Most Connecticut workers understand the basic functioning of the state’s workers’ compensation procedure. If a worker and his or her employer are unable to reach agreement on the nature of the illness or injury or on the benefits to be paid, a hearing must be held in front of a state Workers’ Compensation Commissioner. The hearing gives both the injured worker and the employer a chance to present evidence in favor of or in opposition to the claim. The options to respond to an adverse decision by the commission are less well understood. This post will provide a summary of the workers’ compensation internal review process.

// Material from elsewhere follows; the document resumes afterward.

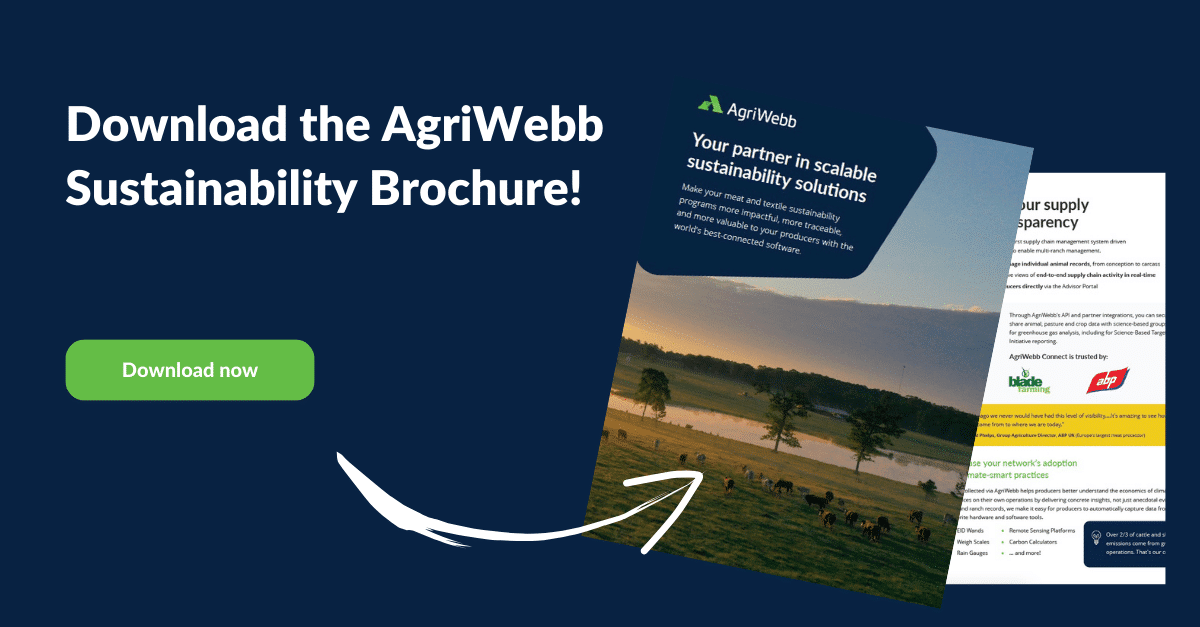 AgriWebb sustainability brochure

Any party who objects to a decision by the commissioner may commence an appeal to the Compensation Review Board by filing the prescribed form within 20 days of the date of the original decision. The commissioner who heard the case must provide copies of the petition to the board and the adverse party. The appealing party must also file a statement of reasons for the appeal within 10 days after filing the notice of appeal. The workers’ compensation statute lists two reasons for an appeal: (a) the facts in the record do not support the commissioner’s findings, or (b) the commissioner erred in refusing to grant a motion to correct the findings.

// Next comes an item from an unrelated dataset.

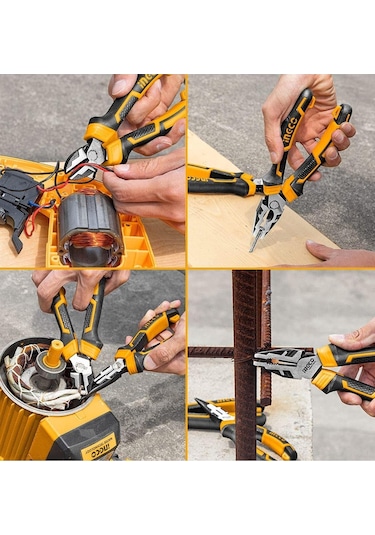 Ingco 3'lü Set Pense, Yan Keski, Kargaburun Pense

The record as assembled by the hearing commissioner is forwarded to the Compensation Review Division. The board cannot retry the facts or hear additional evidence. Its decision must be based upon the record as certified by the hearing commissioner. If a party wishes to submit additional evidence, a written motion must be filed explaining why the new evidence is material. The matter is then decided by the Compensation Review Division. If any party is dissatisfied with the decision of the Review Division, the party may seek judicial review by the Connecticut Appellate Court.
The need for a persuasive written submission in a workers’ compensation appeal makes consultation with an experienced workers’ compensation attorney a virtual necessity. A knowledgeable lawyer can assist an injured worker in assembling and drafting the papers for appeal and, if necessary, appear before the board on the worker’s behalf.